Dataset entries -
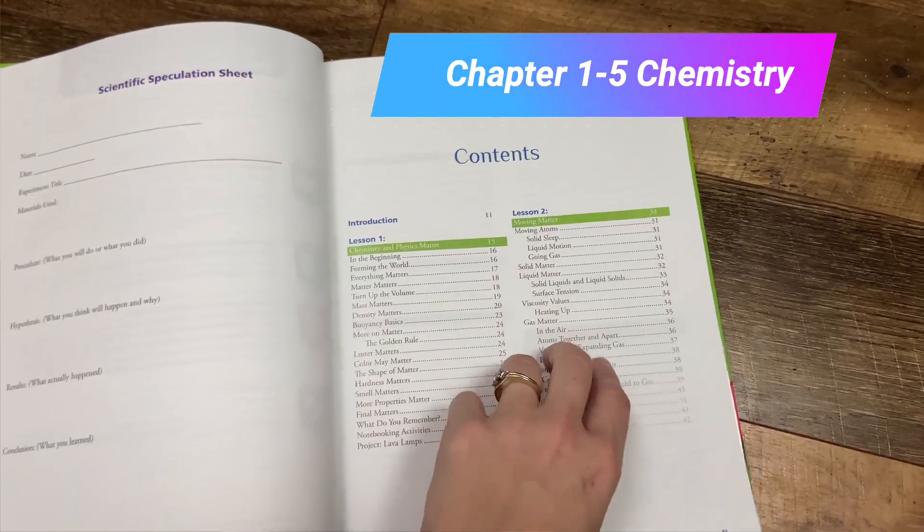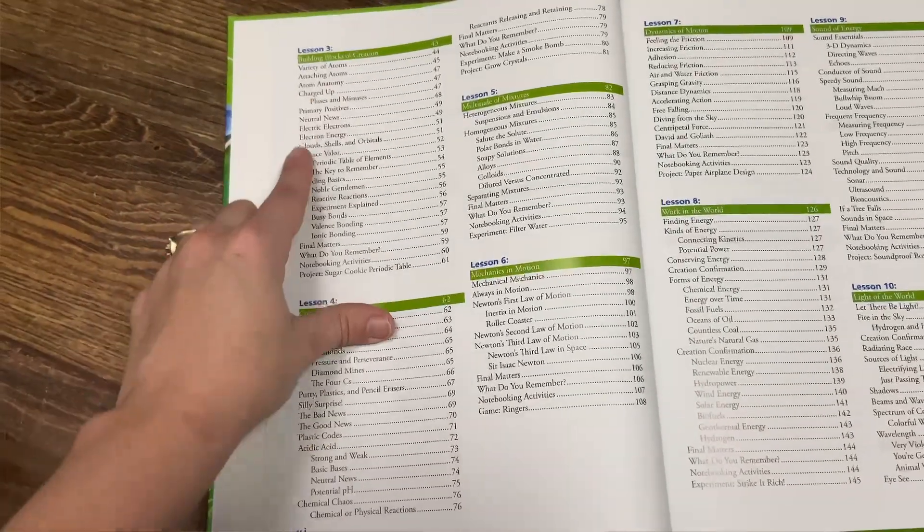This curriculum covers two topics in one — chemistry and physics. The first five lessons focus on chemistry: how atoms are created, molecules, the periodic table, crystals, and more. Some of these topics are complex, even for adults, but Apologia explains them in a way that finally helped me truly understand concepts from high school and college. I highly recommend doing as many experiments and hands-on tools as possible for those first five lessons. After that, you can pick and choose more as it moves into physics.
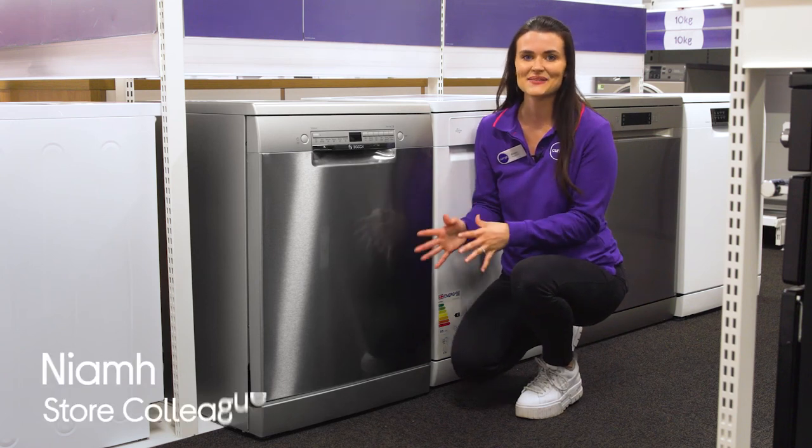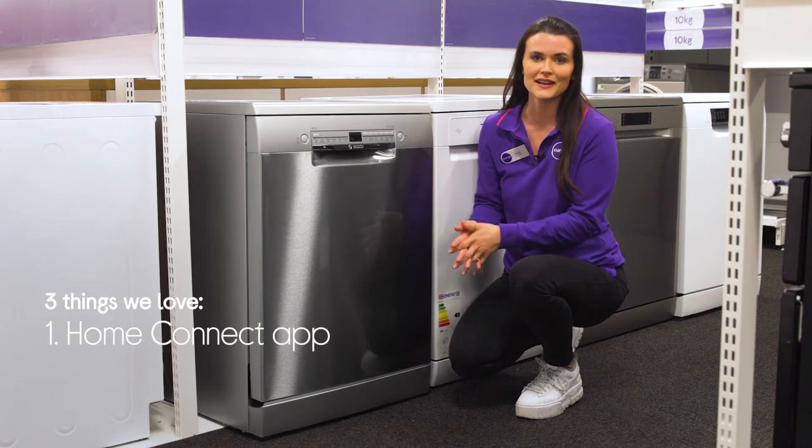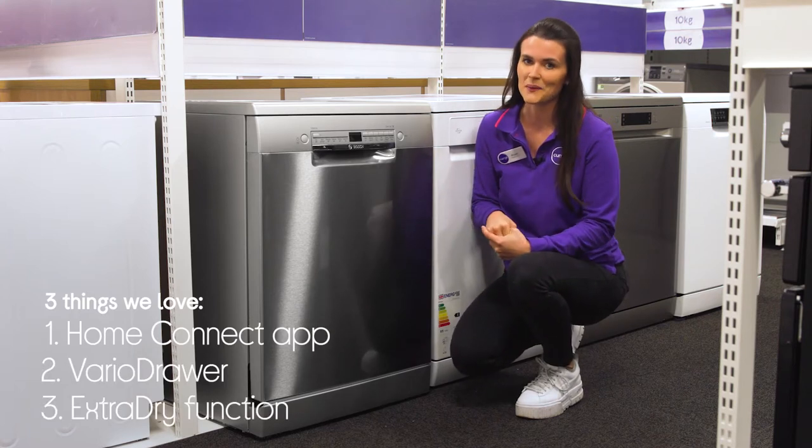Hey, Niamh here and here's three things we love about this Bosch dishwasher. It lets you recall your most used cycles, compensates for larger pots and pans, and it lets you put the tea towel away.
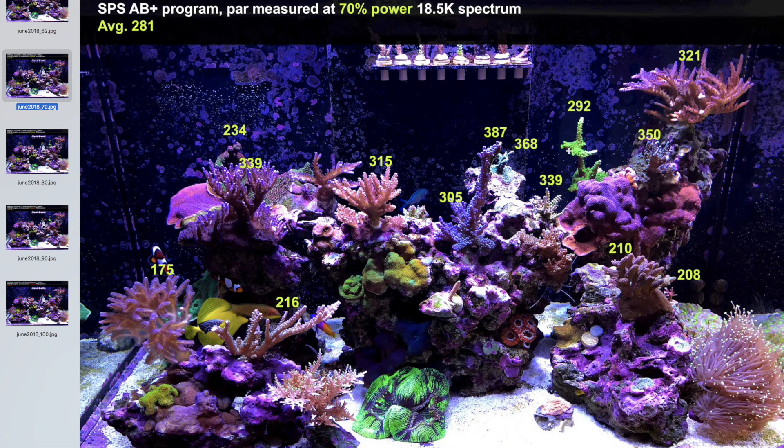The medium island is getting about 200 PAR at 70%, and the small island is anywhere between 175 to 200 PAR. Increasing the lights from 70 to 80% gives another improvement of about 40 PAR, bringing the average to 318. Now almost everything on the top shelf is in the mid-300s, with a few approaching 400 — the top of the Cali Torte is at 432. The medium island is at 230–240, and the small island averages about 200 PAR, with Aura Birds of Paradise at 175 and Tenuous at 234.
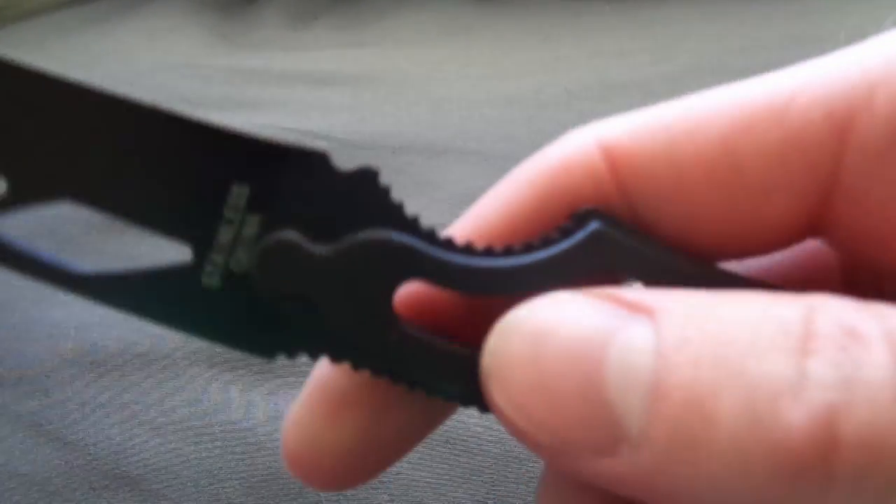Let's talk about the handle. There is some jimping on the handle, kind of on the little divot and right above it. This jimping is not aggressive at all — watch my fingers just slide right through it even with quite a bit of force, so the jimping is effectively useless. Is it a deal breaker? Maybe, maybe not — it's only two dollars and ninety-eight cents. Also it feels kind of awkward in the hand; my pinky doesn't know where to go because it gets kind of cut off and doesn't fit my whole hand comfortably.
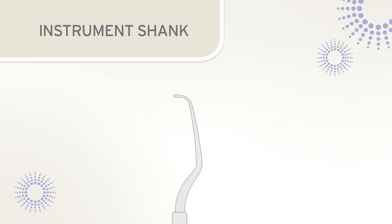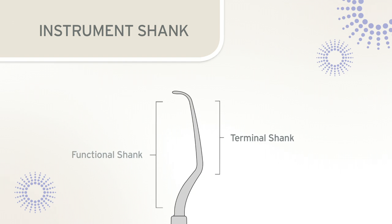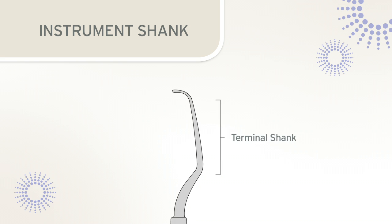The instrument shank can be further divided into two sections: the functional shank, which extends from the handle to the beginning of the working end, and the terminal shank, which is the area of the instrument between the blade and the first bend of the shank. The terminal shank is a crucial feature of the instrument during sharpening procedures, and it must be properly aligned during instrument sharpening.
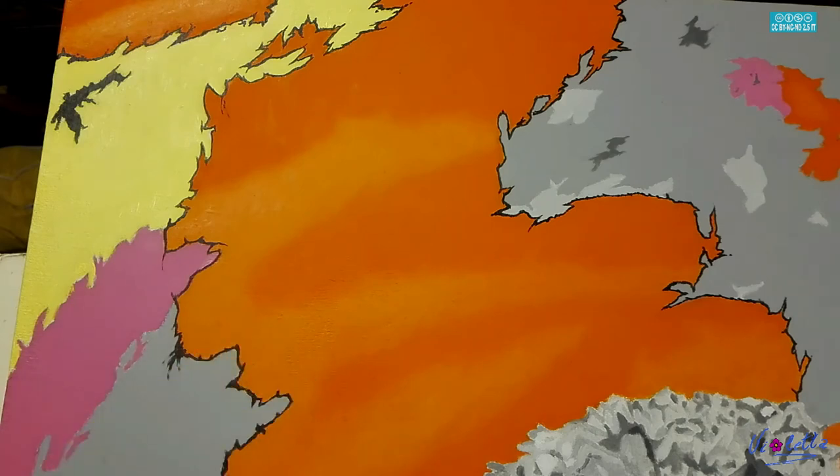Quindi, in linea di massima, questa è stata l'interpretazione di questo dipinto. Se vi è piaciuto il filmato, lasciate un like nella parte sottostante del video. Se volete rimanere informati sulle mie successive pubblicazioni, potete registrarvi al mio canale YouTube, alla mia pagina Facebook, al mio profilo Facebook o al mio profilo Instagram.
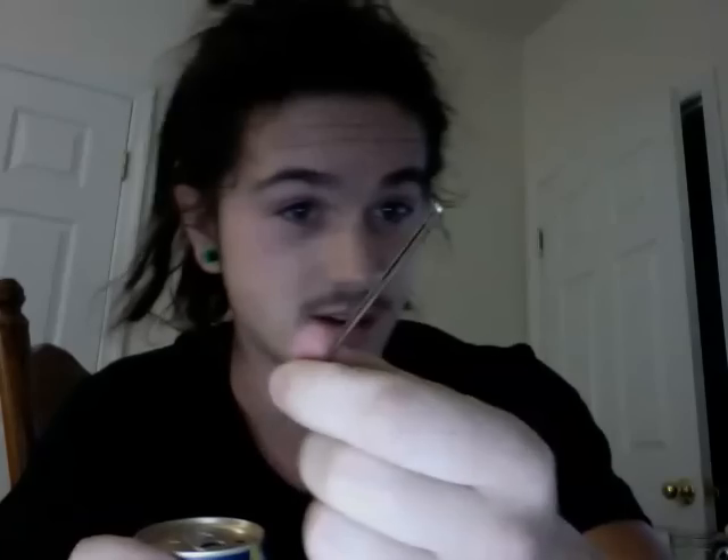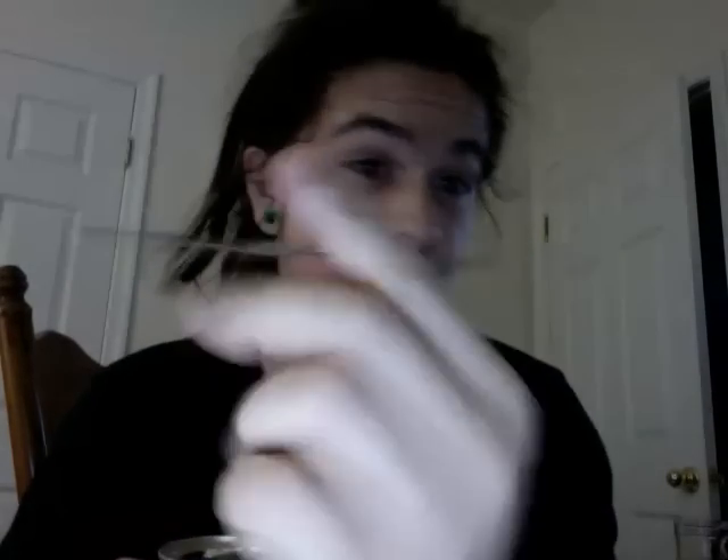And that right there is how you should use your crochet hook — not on your hair, but to open up the Miller Light. And there's also a second use for it: if you don't have nails and you can't open up the top, push down on the center, take a crochet hook, pop it up. Perfect, there you go. The proper use of the crochet hook. Thank you.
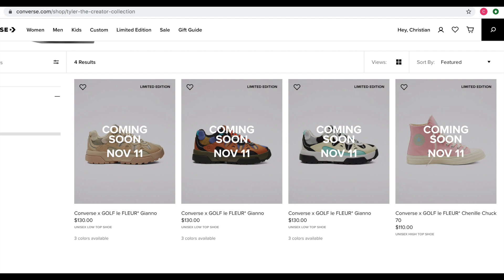Let me know down below what you guys are thinking and what pair you're going to try and cop November 11th, 9 a.m. Central Standard Time. Go true to size, prices on screen. That's going to conclude the video — please hit that thumbs up button if you enjoyed this. Subscribe if you haven't already for more Golf Wang, more sneakers, more clothing, more Shuttleboy. This is Shuttleboy and I'm out. Peace.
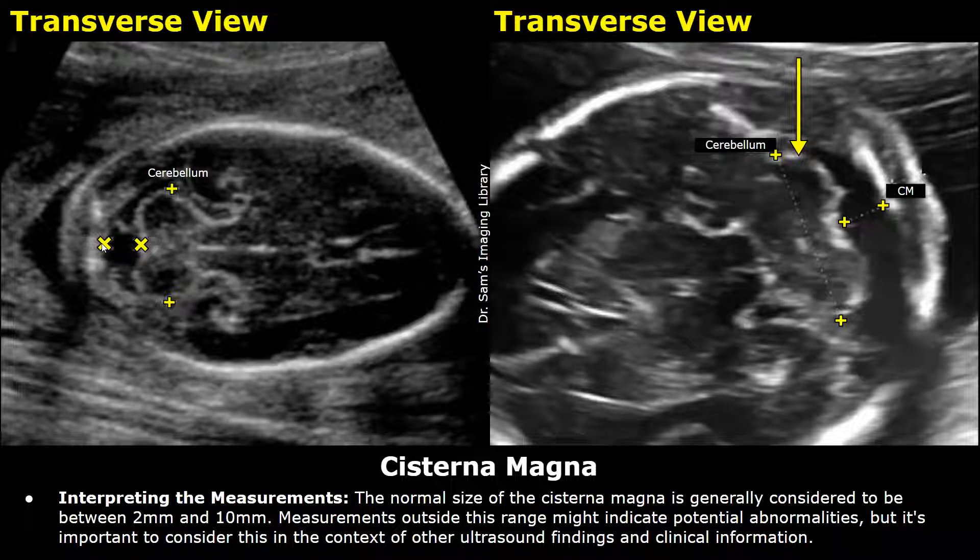The normal size of the cisterna magna is considered to be between 2 to 10 millimeters. Measurements outside this range might indicate potential abnormalities, but it's important to consider this in the context of other ultrasound findings and clinical information.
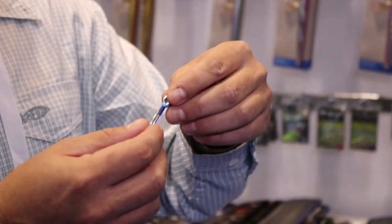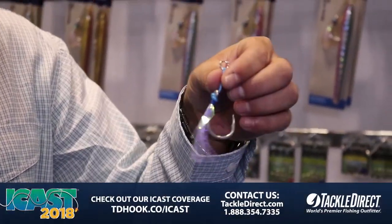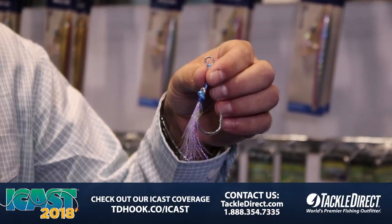It also has our three extra strong hook on it. It's available in six different sizes. These will be available starting in October at TackleDirect.com.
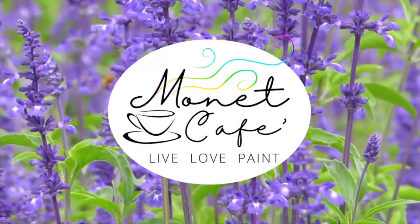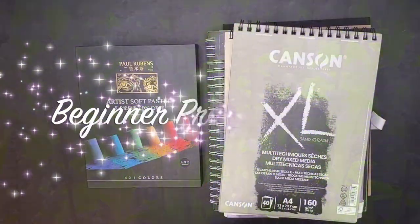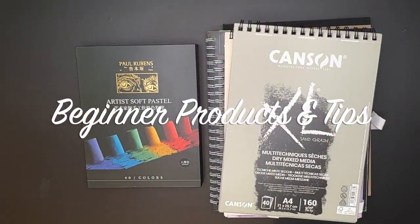Welcome to Monet Cafe. I'm artist Susan Jenkins. Join me in this lesson as we explore beginner products and tips for soft pastel painting.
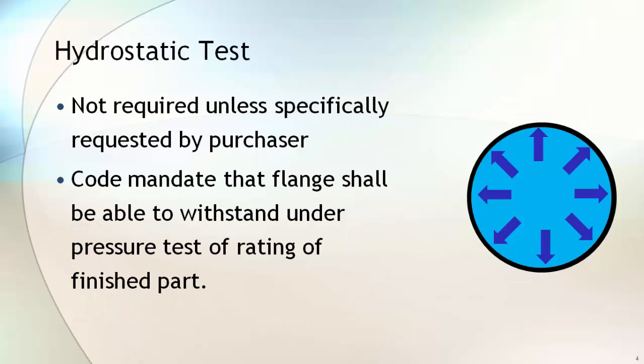Hydro testing is not required unless specifically requested by the purchaser. The code mandates that the flange shall be able to withstand pressure up to the rating of the finished part.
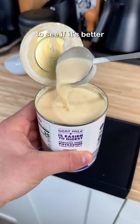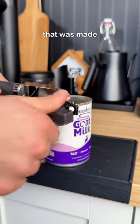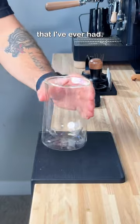I'm making coffee with goat milk to see if it's better than regular milk. Last summer I had ice cream that was made using goat milk and it was the best ice cream I've ever had.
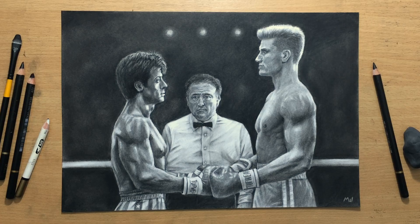Hello and welcome. Here's another Rocky IV drawing. This is the second time I'm doing this. The first time I did it, I only created a short time-lapse video with some music, and a lot of people wanted to see a longer narrated video, so here it is.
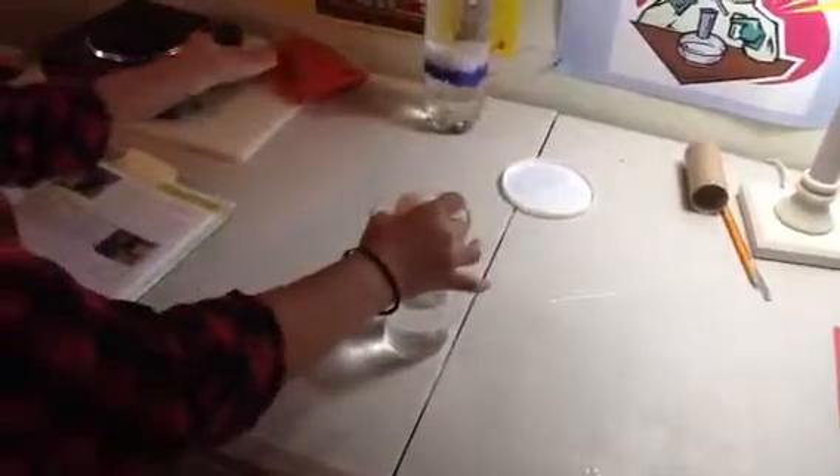The reason that the egg goes in the water and doesn't go with the toilet paper tube and the yogurt container is because gravitational pull pulls it down — while those flick out from under it, the egg just goes straight down.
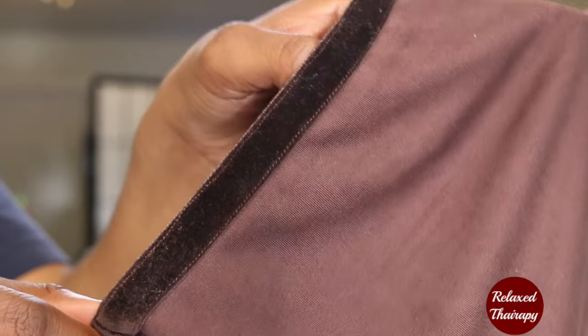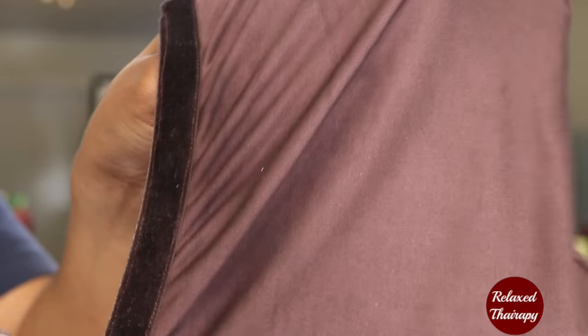On the outside of the beanie, it has a velvet elastic trim. The elastic in this beanie is very secure — it does not move or shift on me overnight. This is a close-up view of the elastic trim.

Exercise requirements - An exact copy of all the lines above is required, with the pictures removed.

Result -
This curriculum covers two topics in one — chemistry and physics. The first five lessons focus on chemistry: how atoms are created, molecules, the periodic table, crystals, and more. Some of these topics are complex, even for adults, but Apologia explains them in a way that finally helped me truly understand concepts from high school and college. I highly recommend doing as many experiments and hands-on tools as possible for those first five lessons. After that, you can pick and choose more as it moves into physics.
Hey, Niamh here and here's three things we love about this Bosch dishwasher. It lets you recall your most used cycles, compensates for larger pots and pans, and it lets you put the tea towel away.
The medium island is getting about 200 PAR at 70%, and the small island is anywhere between 175 to 200 PAR. Increasing the lights from 70 to 80% gives another improvement of about 40 PAR, bringing the average to 318. Now almost everything on the top shelf is in the mid-300s, with a few approaching 400 — the top of the Cali Torte is at 432. The medium island is at 230–240, and the small island averages about 200 PAR, with Aura Birds of Paradise at 175 and Tenuous at 234.
Let's talk about the handle. There is some jimping on the handle, kind of on the little divot and right above it. This jimping is not aggressive at all — watch my fingers just slide right through it even with quite a bit of force, so the jimping is effectively useless. Is it a deal breaker? Maybe, maybe not — it's only two dollars and ninety-eight cents. Also it feels kind of awkward in the hand; my pinky doesn't know where to go because it gets kind of cut off and doesn't fit my whole hand comfortably.
The instrument shank can be further divided into two sections: the functional shank, which extends from the handle to the beginning of the working end, and the terminal shank, which is the area of the instrument between the blade and the first bend of the shank. The terminal shank is a crucial feature of the instrument during sharpening procedures, and it must be properly aligned during instrument sharpening.
Quindi, in linea di massima, questa è stata l'interpretazione di questo dipinto. Se vi è piaciuto il filmato, lasciate un like nella parte sottostante del video. Se volete rimanere informati sulle mie successive pubblicazioni, potete registrarvi al mio canale YouTube, alla mia pagina Facebook, al mio profilo Facebook o al mio profilo Instagram.
And that right there is how you should use your crochet hook — not on your hair, but to open up the Miller Light. And there's also a second use for it: if you don't have nails and you can't open up the top, push down on the center, take a crochet hook, pop it up. Perfect, there you go. The proper use of the crochet hook. Thank you.
Let me know down below what you guys are thinking and what pair you're going to try and cop November 11th, 9 a.m. Central Standard Time. Go true to size, prices on screen. That's going to conclude the video — please hit that thumbs up button if you enjoyed this. Subscribe if you haven't already for more Golf Wang, more sneakers, more clothing, more Shuttleboy. This is Shuttleboy and I'm out. Peace.
The normal size of the cisterna magna is considered to be between 2 to 10 millimeters. Measurements outside this range might indicate potential abnormalities, but it's important to consider this in the context of other ultrasound findings and clinical information.
It also has our three extra strong hook on it. It's available in six different sizes. These will be available starting in October at TackleDirect.com.
Welcome to Monet Cafe. I'm artist Susan Jenkins. Join me in this lesson as we explore beginner products and tips for soft pastel painting.
Hydro testing is not required unless specifically requested by the purchaser. The code mandates that the flange shall be able to withstand pressure up to the rating of the finished part.
I'm making coffee with goat milk to see if it's better than regular milk. Last summer I had ice cream that was made using goat milk and it was the best ice cream I've ever had.
Hello and welcome. Here's another Rocky IV drawing. This is the second time I'm doing this. The first time I did it, I only created a short time-lapse video with some music, and a lot of people wanted to see a longer narrated video, so here it is.
The reason that the egg goes in the water and doesn't go with the toilet paper tube and the yogurt container is because gravitational pull pulls it down — while those flick out from under it, the egg just goes straight down.
On the outside of the beanie, it has a velvet elastic trim. The elastic in this beanie is very secure — it does not move or shift on me overnight. This is a close-up view of the elastic trim.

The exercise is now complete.